▶ Exercise aim
Shown below are entries with pictures; the line with "圣地亚哥米逊湾拉昆塔套房酒店(La Quinta by" through the line with "Yuken AR22-FR01B-20 Hydraulic" is the span to retype exactly, and the pictures stay out.

▶ Data shown
►

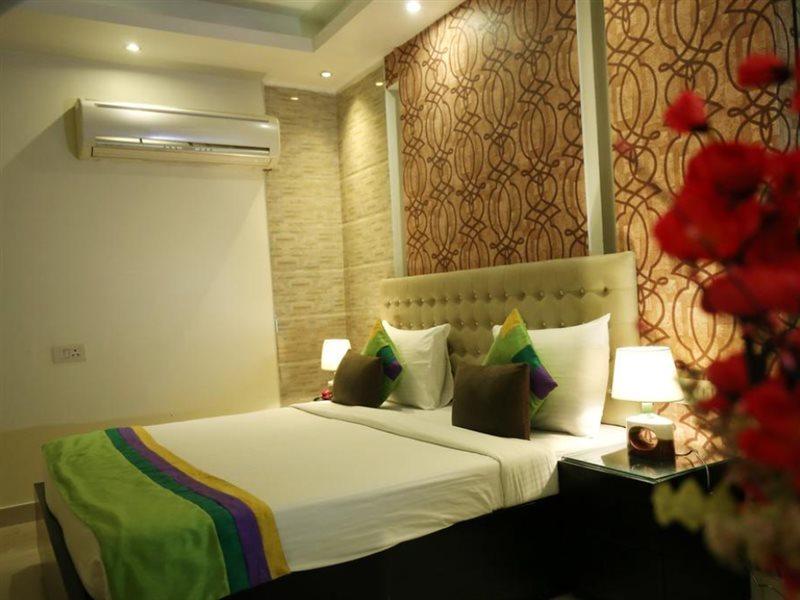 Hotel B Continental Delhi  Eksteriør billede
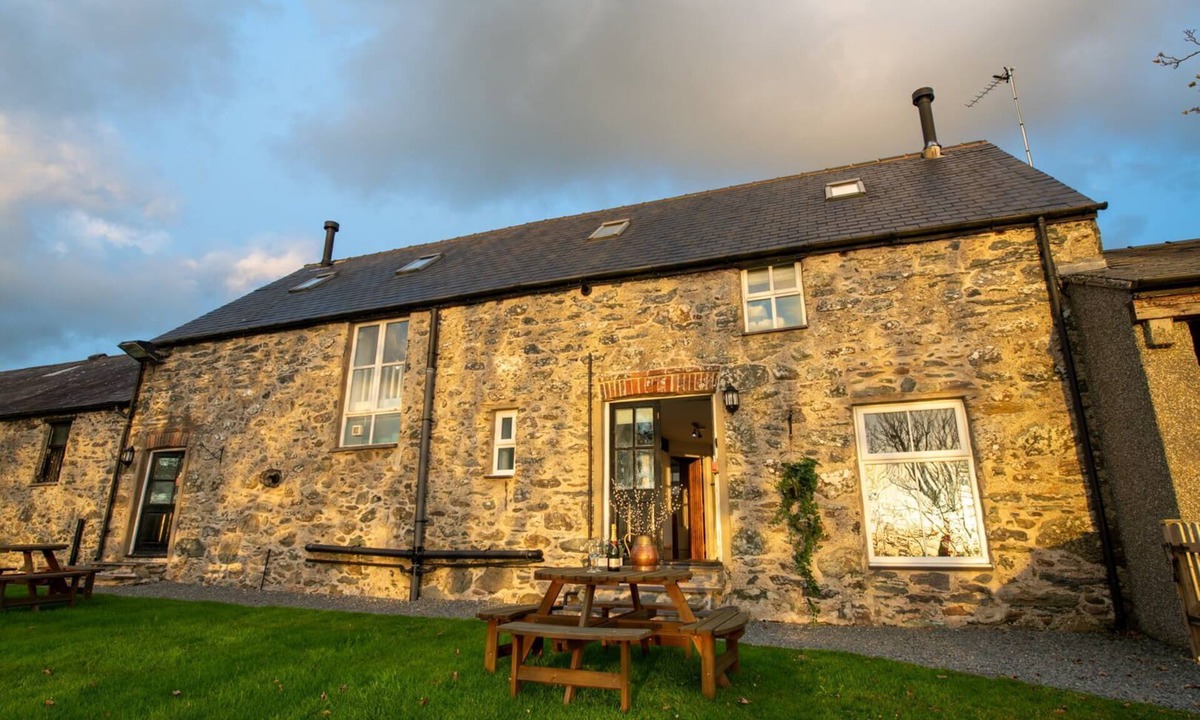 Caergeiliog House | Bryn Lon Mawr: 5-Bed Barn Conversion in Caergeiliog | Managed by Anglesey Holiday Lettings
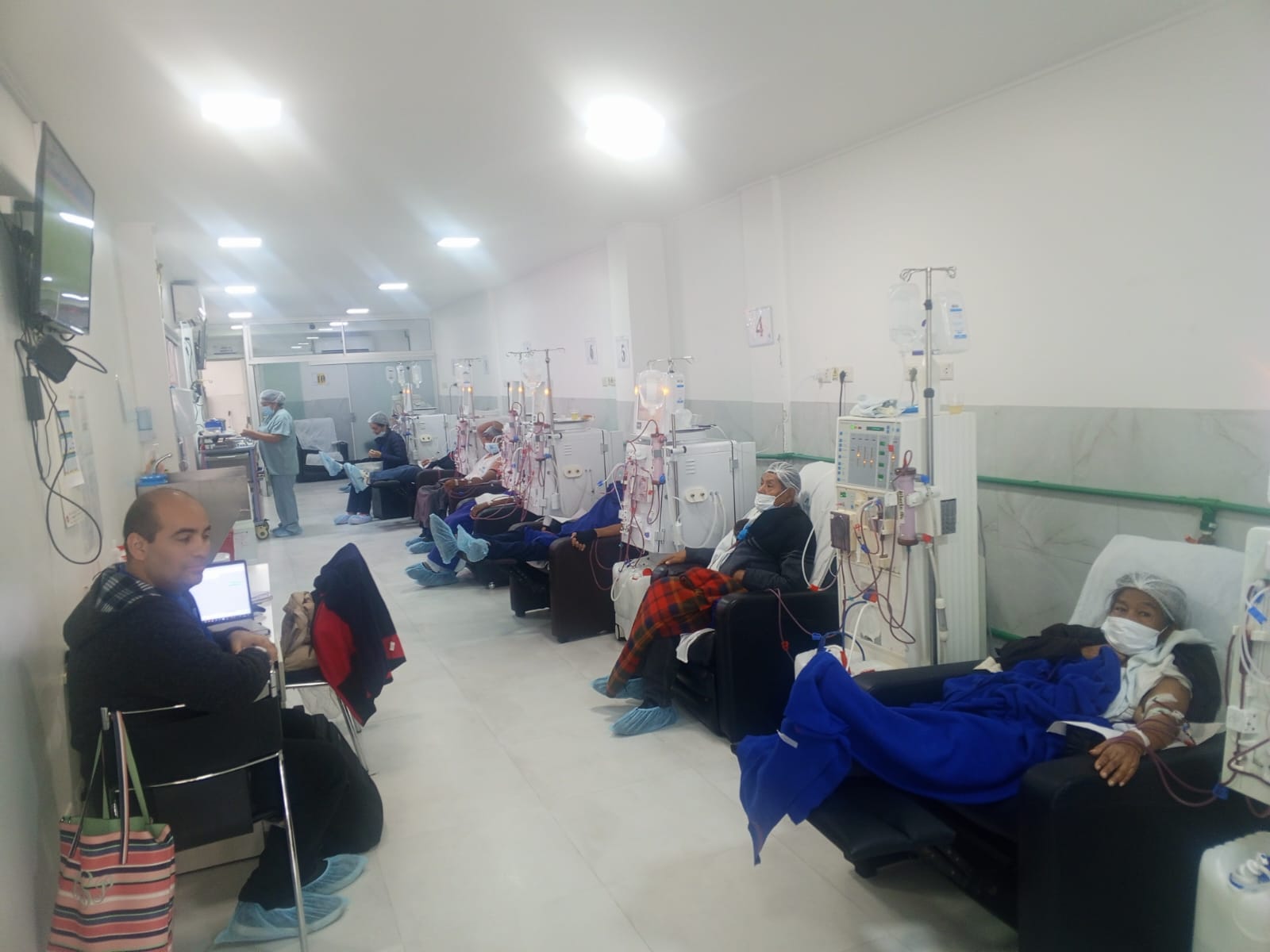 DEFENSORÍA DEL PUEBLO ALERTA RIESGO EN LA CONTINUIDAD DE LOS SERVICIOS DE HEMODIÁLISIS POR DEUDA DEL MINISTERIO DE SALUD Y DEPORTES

◄
►

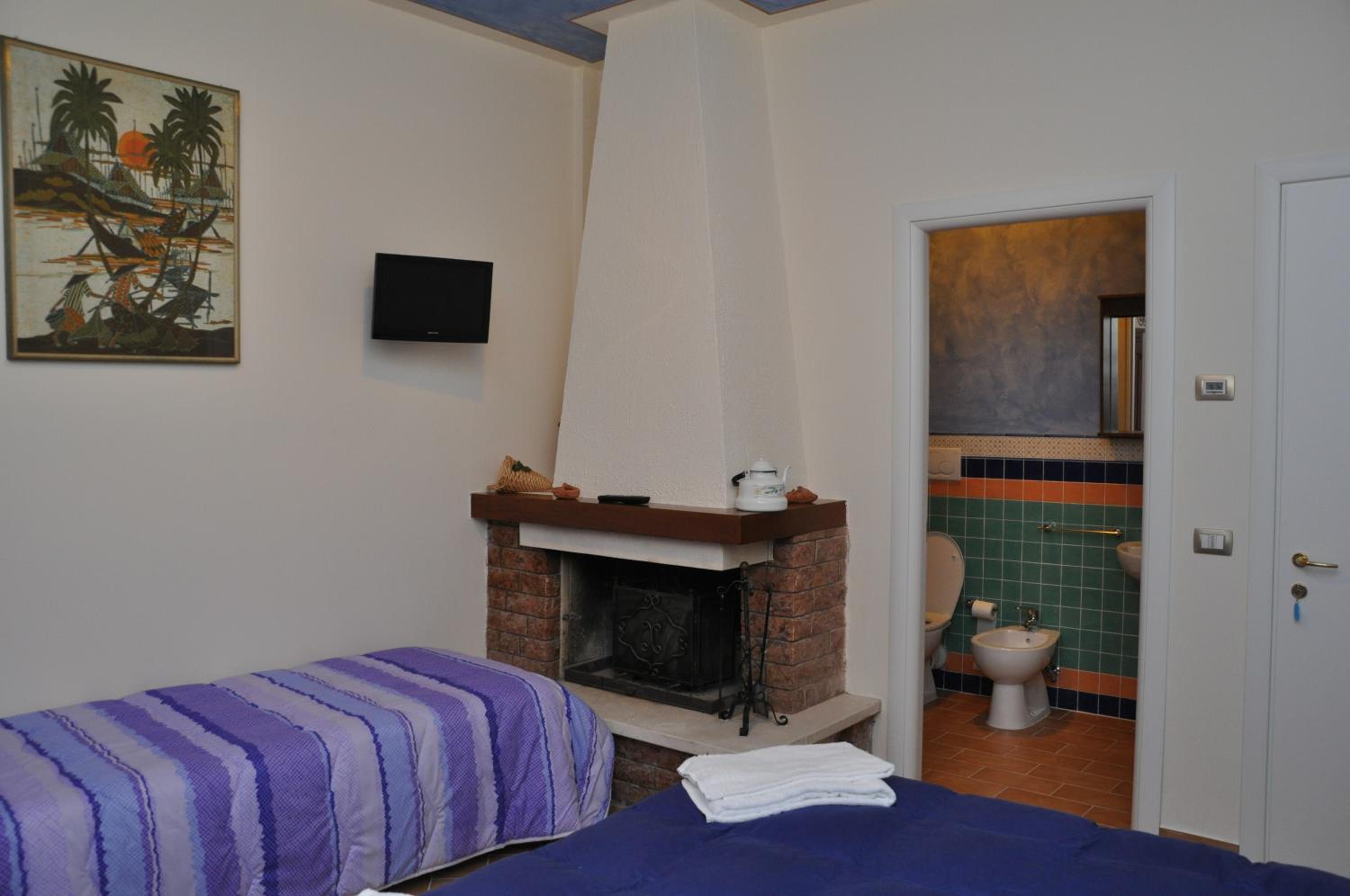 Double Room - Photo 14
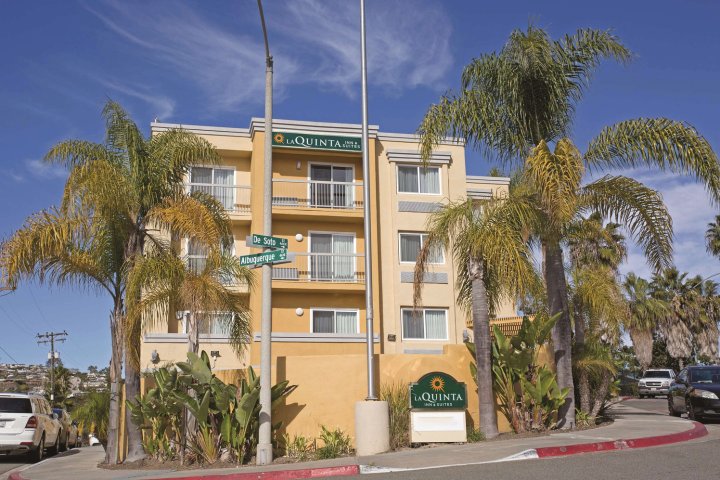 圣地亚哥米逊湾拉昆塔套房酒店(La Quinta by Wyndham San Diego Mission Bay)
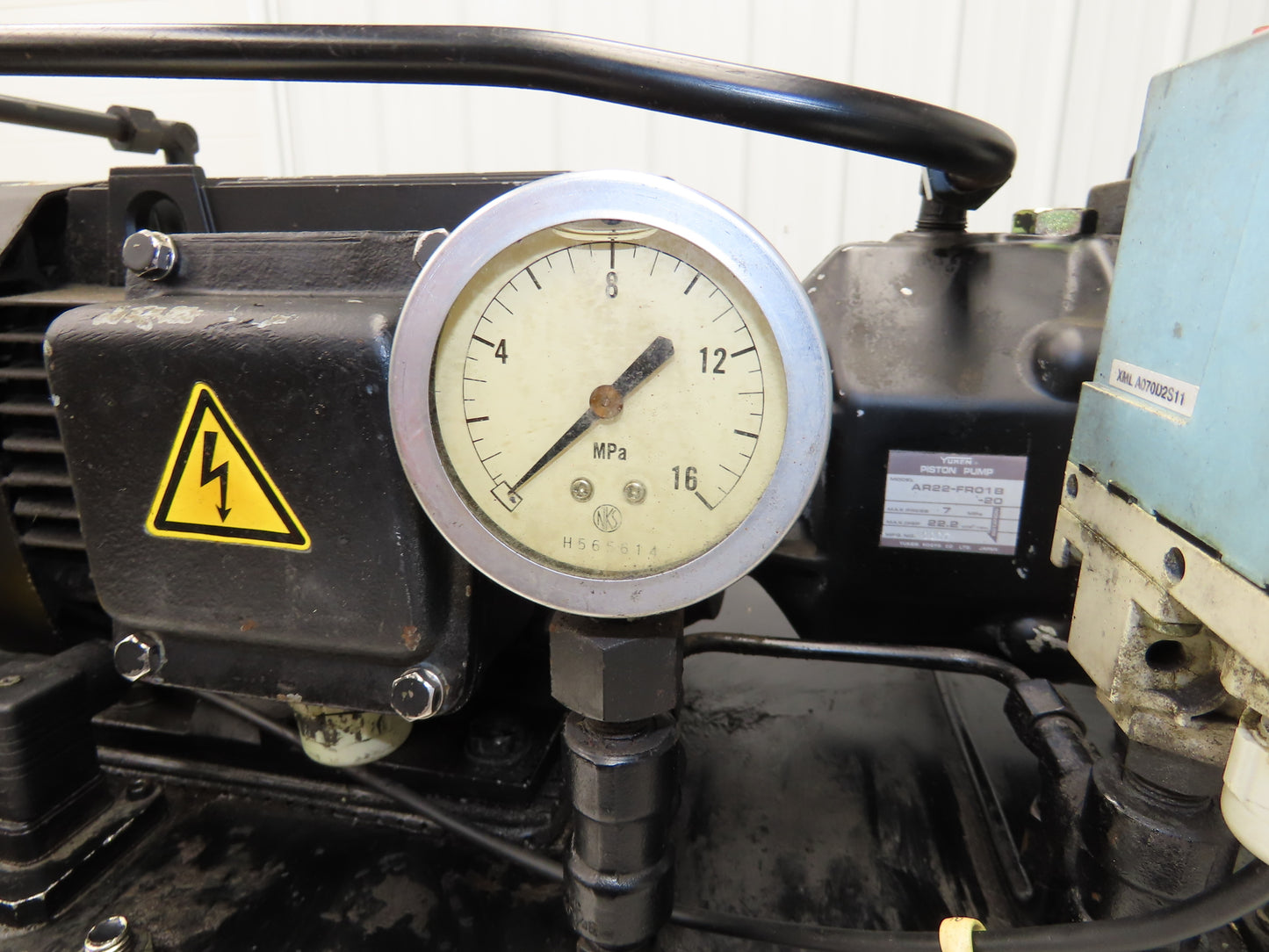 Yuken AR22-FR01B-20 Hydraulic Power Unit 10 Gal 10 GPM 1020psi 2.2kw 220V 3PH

◄

▶ Answer for the task
 圣地亚哥米逊湾拉昆塔套房酒店(La Quinta by Wyndham San Diego Mission Bay)
 Yuken AR22-FR01B-20 Hydraulic Power Unit 10 Gal 10 GPM 1020psi 2.2kw 220V 3PH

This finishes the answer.